If you're interested in learning more about these quantities, see this Wikipedia page on [Star Positions](https://en.wikipedia.org/wiki/Star_position).

We can see how much memory our DataFrame object is taking up with:

In [None]:
print(f'{df.shape[0]:d} rows')
print(f'{df.memory_usage(index=True, deep=True).sum()/1e6:.1f} MB')

##Section 3: Selecting only important columns
We can try reducing this by only keeping the columns we'll be working with, which are `ra`, `dec`, and `parallax`.

Create a new DataFrame that only contains the columns mentioned above.

How much memory does this reduced DataFrame use?

How does the size compare to the DataFrame that contained all of the columns? Use the previous example to help out on this part.

##Section 4: Plotting
The DataFrame object contains some built-in functions for quickly getting a sense of your data. For example, we can quickly make histograms of separate columns with the `df.hist()` method.

**Plot histograms of the 'ra', 'dec' and 'parallax' columns by filling in the missing code below:**

In [None]:
import matplotlib.pyplot as plt
fig, axes = plt.subplots(1, 3, figsize=(17, 3))
df_new.hist([# Put column names here],
             ax=axes,
             xlabelsize=15,
             ylabelsize=15,
             bins=50)

###Section 4: Negative Parallaxes
We can see right away that Gaia is an all sky survey as it covers the full range of right ascension and declination. The parallax histogram looks a little funny though. There seems to be some bad parallax data that we should remove before proceeding. Remember that parallax is related to distance via

$$\text{distance in pc} = 1 / (\text{parallax in arcsec}).$$

The Gaia parallaxes are reported in *milliarcsececonds*, thus the distances will be in *kpc*. 
From looking at the histogram for parallax we see a problem—there are a number of negative parallaxes, which would correspond to negative distances. 

**Slice the DataFrame to see how many rows have a negative parallax.**

**Create a new DataFrame that doesn't contain the rows with negative parallaxes by adjusting the code below.**

We use the `copy()` method which is good to do after you perform some sort of filtering on a DataFrame. 
We also reset the index column so that there aren't gaps from the missing rows.
If you don't do these steps, then pandas may give warnings on future steps.

In [None]:
non_neg_parallax_df = df_name[# Put condition here].copy()
non_neg_parallax_df.reset_index(drop=True, inplace=True)

**How many stars represented in this new DataFrame?**

Recreate the three histograms we made earlier (ra, dec and parallax) on this filtered DataFrame.

##Section 5: Calculating distances to the stars

**Use the relationship between parallax and distance to add a new column named 'dist' that contains the distances to the stars.** Recall that the parallaxes are reported in milliarcseconds.

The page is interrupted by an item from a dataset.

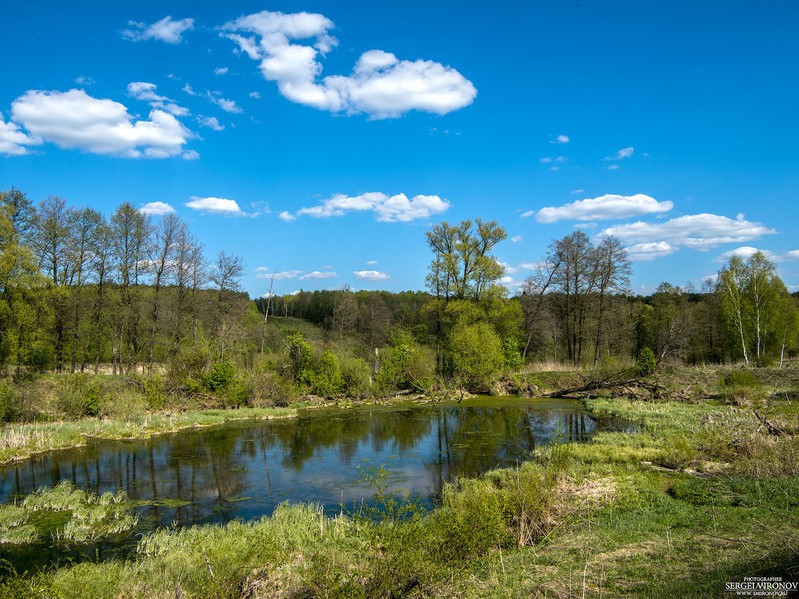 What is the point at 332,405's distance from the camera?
29922 millimetres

**What is the distance to the nearest star in the sample?**

**What is the mean distance of all the stars?**

Let's visualize the 2D positions of the stars in our sample. Create a simple scatter plot of the `ra` and `dec` values using `df.plot.scatter(x, y)`. 

**What observation can you make about the dataset from this plot?**

Another way to visualize this data is to create a 2D histogram and represent it as a *heatmap*. Instead of viewing the positions of individual stars, we view it as a density distribution of the stars. 
One of the methods of doing this is with `hexbin`.

Create a new plot by replacing `scatter` with `hexbin.` Then play around with the attributes to get a really cool looking plot: Try setting `gridsize` to values between 30 and 300 (you'll see a noticeable difference). To adjust the colors, try setting the optional `cmap` argument equal to "inferno" or "gray." 
Visit this page to learn more about [choosing colormaps](https://matplotlib.org/stable/tutorials/colors/colormaps.html).

**How would you describe the shape of the stellar density distribution you obtain?** 
By the way, what you're seeing is the Milky Way through the eyes of Gaia!


## Section 6: Plot the Milky Way
We originally stripped out the columns l and b from the original DataFrame to make our plot.
Refer to the original DataFrame and create a new copy that keeps "parallax", "l" and "b" as columns. 
Then make a plot using `hexbin` using "l" along the x-axis and "b" along the y-axis. 

The center of the Milky Way is at (l, b) = (0, 0).